- Born: Miriam Ngunjo Shalo Weledji December 13, 1937 Bamenda, Cameroon
- Died: March 11, 2024 (aged 86) Limbe, Cameroon
- Education: University of Oxford Holborn College of Law University College London
- Occupation: Lawyer
- Known for: First woman lawyer registered with the Cameroon Bar
- Children: 5

= Miriam Weledji =

Cameroonian lawyer (1937 - 2024)

Miriam Weledji, real name Miriam Ngunjo Shalo Weledji (December 13, 1937 - March 11, 2024) was a Cameroonian lawyer. She was the first female lawyer registered with the Cameroon Bar.

== Early life and education ==
Miriam was born on December 13, 1937, in Bamenda. From 1944 to 1952, she received her primary education at the convent school of Soppo Buea where she again obtained her school leaving certificate. She went to Nigeria for her secondary education where she attended Holy Rosary College in Enugu. From 1952 to 1955, she passed her level II teaching certificate. In June 1958, she obtained the general certificate of education (O. Level) and two years later, the general certificate of education (A. Level).

After traveling through Nigeria, she continued to England. From 1965 to 1966, she studied at the University of Oxford and obtained a degree in administration. From 1966 to June 1968, she attended Holborn College of Law, where she obtained Bachelor in Law (LLB).

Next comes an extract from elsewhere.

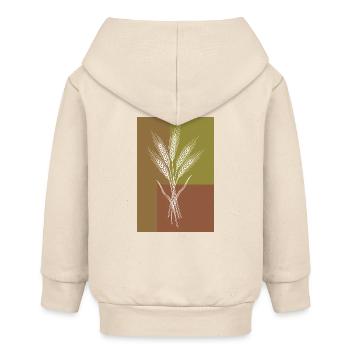Wheat Ears Line Art – Nature Motif - Baby Organic Zip-up Hoodie by Stanley/Stella - soft Ecru - Back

From 1968 to 1969, she enrolled at University College of London.

== Career ==
In October 1968, Miriam became a barrister and honorable member of Gray's Inn.

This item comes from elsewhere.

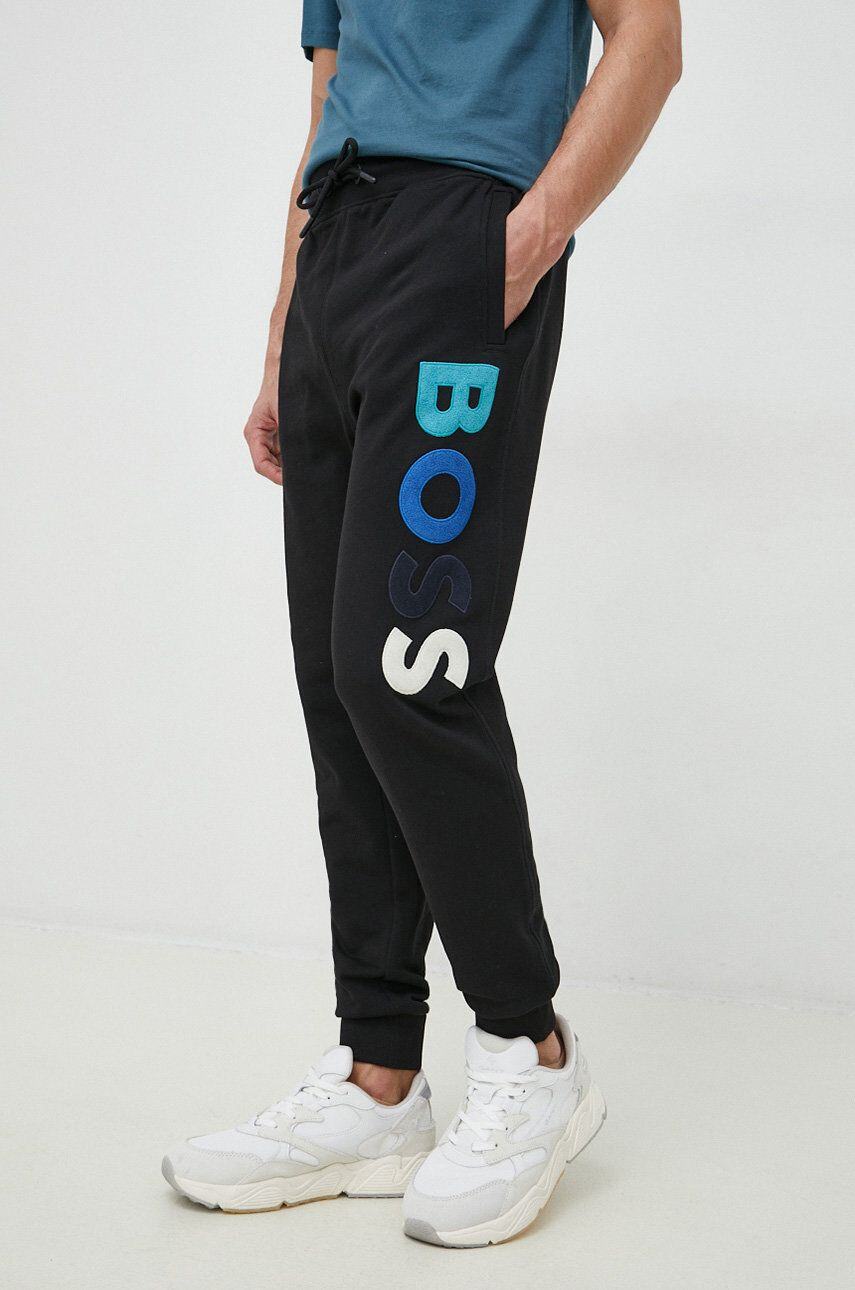 Boss pantaloni de trening din bumbac CASUAL - Pled.ro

She returned to Cameroon where she registered as a lawyer at the Supreme Court of Western Cameroon on June 9, 1969. She became the first female lawyer registered with the Cameroon Bar. She founded the Ngede law firm, headquartered in Limbé (formerly Victoria) in the southwest.

== Personal life ==
Miriam was the mother of five children.

== Death ==
Miriam died on March 11, 2024, at the age of 86 at her residence in Limbe.